7 people at award ceremony
From left, Laurie Libarios, counselor; Emme Tomimbang, alumni; Imelda Gasmen, Filipino language instructor; Raymund Liongson, Philippine studies coordinator and professor; Leon Florendo, Waiʻanae Moku counselor, Carlos Peñaloza, chancellor and Ernie Libarios, retired counselor.

Two Leeward Community College faculty members were recognized for Excellence in Education at the FilCom Center’s 17th annual Bayanihan Gala in October.

Raymund Liongson was honored for four decades of unwavering dedication to his students. The other award went to the non-profit Sariling Gawa Youth Council. Leon Florendo, counselor at Leeward’s Waiʻanae Moku and the councilʻs president, received the award on the group’s behalf.

Decades of dedication

Raymund Liongson, Philippine studies professor and program coordinator, has been an educator for more than 40 years. His philosophy emphasizes learning beyond the four walls of the classroom, aiming for student and social transformation. Liongson has won an array of awards and recognition for his efforts, from being named a Wo Learning Champion to being awarded the Hawaiʻi Plantation Legacy Award and Outstanding Educator awards from both the Oahu Filipino Community Council and the United Filipino Council of Hawaiʻi, among others.

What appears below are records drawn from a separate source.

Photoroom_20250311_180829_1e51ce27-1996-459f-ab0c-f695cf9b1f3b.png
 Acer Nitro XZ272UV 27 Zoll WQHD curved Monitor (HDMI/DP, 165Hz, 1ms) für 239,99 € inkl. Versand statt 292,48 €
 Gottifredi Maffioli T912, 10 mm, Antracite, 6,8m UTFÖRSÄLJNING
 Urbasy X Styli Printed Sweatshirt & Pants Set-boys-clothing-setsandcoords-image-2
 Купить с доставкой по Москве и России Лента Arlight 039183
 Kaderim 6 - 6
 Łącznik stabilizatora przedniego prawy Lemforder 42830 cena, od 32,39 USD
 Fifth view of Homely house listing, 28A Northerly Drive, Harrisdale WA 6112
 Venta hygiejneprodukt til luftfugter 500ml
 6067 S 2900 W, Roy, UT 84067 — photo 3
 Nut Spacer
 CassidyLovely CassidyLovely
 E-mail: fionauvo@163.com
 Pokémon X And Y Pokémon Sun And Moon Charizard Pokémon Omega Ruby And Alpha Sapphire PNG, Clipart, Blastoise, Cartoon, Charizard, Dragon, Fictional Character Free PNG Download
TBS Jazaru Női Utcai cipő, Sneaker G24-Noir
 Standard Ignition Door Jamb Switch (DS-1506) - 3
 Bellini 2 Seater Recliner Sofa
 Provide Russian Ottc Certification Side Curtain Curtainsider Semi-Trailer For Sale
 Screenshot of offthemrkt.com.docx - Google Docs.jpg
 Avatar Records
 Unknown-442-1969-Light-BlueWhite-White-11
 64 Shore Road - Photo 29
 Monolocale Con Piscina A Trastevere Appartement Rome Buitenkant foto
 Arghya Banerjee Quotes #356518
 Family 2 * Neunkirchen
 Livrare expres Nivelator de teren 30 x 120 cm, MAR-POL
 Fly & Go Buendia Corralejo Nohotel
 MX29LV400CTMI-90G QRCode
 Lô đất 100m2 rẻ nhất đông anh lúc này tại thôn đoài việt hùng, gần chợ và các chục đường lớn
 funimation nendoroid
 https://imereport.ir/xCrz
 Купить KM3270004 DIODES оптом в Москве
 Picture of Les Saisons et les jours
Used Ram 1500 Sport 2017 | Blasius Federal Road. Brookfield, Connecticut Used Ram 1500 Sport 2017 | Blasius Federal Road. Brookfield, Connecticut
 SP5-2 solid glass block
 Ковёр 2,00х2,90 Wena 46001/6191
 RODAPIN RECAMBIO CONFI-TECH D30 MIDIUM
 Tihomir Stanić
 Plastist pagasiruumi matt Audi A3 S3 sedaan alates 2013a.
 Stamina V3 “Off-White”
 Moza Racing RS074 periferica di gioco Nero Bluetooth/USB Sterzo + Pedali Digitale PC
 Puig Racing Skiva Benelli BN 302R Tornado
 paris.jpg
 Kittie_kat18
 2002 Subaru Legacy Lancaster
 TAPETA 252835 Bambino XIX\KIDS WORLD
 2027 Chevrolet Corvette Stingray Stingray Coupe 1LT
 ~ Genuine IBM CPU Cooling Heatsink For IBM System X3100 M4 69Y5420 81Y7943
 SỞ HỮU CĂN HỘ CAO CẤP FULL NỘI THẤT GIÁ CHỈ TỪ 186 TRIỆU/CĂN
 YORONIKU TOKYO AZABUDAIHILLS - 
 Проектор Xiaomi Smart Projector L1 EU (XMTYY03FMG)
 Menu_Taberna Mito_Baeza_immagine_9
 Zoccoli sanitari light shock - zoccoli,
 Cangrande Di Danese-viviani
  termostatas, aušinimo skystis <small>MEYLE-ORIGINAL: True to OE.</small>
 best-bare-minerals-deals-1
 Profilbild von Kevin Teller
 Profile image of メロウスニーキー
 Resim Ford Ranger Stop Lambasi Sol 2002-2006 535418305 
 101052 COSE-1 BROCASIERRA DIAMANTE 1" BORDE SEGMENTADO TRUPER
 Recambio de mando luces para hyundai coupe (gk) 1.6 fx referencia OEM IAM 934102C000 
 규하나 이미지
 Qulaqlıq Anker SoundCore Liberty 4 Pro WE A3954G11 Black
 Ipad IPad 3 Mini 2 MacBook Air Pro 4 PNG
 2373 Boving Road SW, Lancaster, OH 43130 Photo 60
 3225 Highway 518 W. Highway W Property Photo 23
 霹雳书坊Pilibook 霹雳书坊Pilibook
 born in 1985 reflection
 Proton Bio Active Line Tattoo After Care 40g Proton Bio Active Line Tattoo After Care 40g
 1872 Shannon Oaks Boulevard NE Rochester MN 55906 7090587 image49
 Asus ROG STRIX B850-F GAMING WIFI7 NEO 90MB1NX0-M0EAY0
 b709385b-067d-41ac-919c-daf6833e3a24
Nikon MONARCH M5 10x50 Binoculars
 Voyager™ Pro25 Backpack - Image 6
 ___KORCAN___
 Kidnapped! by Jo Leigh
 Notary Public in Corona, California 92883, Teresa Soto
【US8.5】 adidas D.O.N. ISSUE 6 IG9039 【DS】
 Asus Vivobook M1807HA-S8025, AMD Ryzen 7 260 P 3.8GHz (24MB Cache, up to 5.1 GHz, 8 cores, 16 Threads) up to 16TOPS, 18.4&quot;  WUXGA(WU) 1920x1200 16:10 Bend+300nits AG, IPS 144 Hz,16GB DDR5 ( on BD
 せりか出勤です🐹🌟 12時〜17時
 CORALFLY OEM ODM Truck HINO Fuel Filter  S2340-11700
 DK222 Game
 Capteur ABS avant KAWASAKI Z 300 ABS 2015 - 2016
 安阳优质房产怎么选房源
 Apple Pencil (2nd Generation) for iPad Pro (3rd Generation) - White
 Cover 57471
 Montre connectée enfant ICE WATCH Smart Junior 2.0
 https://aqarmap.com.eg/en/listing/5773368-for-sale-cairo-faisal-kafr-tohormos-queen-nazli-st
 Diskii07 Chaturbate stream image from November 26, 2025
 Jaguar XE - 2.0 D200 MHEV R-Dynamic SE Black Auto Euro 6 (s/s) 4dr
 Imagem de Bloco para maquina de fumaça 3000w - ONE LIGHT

Liongson has written and coordinated grants that have raised millions of dollars to help students of Filipino ancestry. He has organized youth groups and program initiatives that have inspired students to excel and attain higher education.

His Philippine studies classes spearheaded the student involvement for the Hawaiʻi Promise program at the Legislature, complete with sign waving and testimonies. Liongson said, “As a professor, I do not see myself simply teaching course content. More importantly, I see my role as inspiring my students to aim high and providing them the needed support to hit the mark or at least land close to it.”

Sariling Gawa Youth Council

The Sariling Gawa Youth Council is a nonprofit organization that fosters cultural awareness, nurtures ethnic pride and empowers youth to develop leadership skills.

Starting as a grassroots effort in 1980, the council was first organized by a group of college students during the 75th anniversary of Filipinos in Hawaiʻi. For more than 39 years, thousands of young Filipinos and community members have experienced hands-on training and skills building, allowing young people to be empowered as leaders, mentors, organizers, administrators and role models.

Florendo said, “Sariling Gawa embarked on a movement, a change of socio-political mindset that nurtures and understands the immense value of empowering individuals in their quest for better understanding of their strengths while surrounded by a cadre of supportive mentors who are always grounded in humanity and progressive ideas.”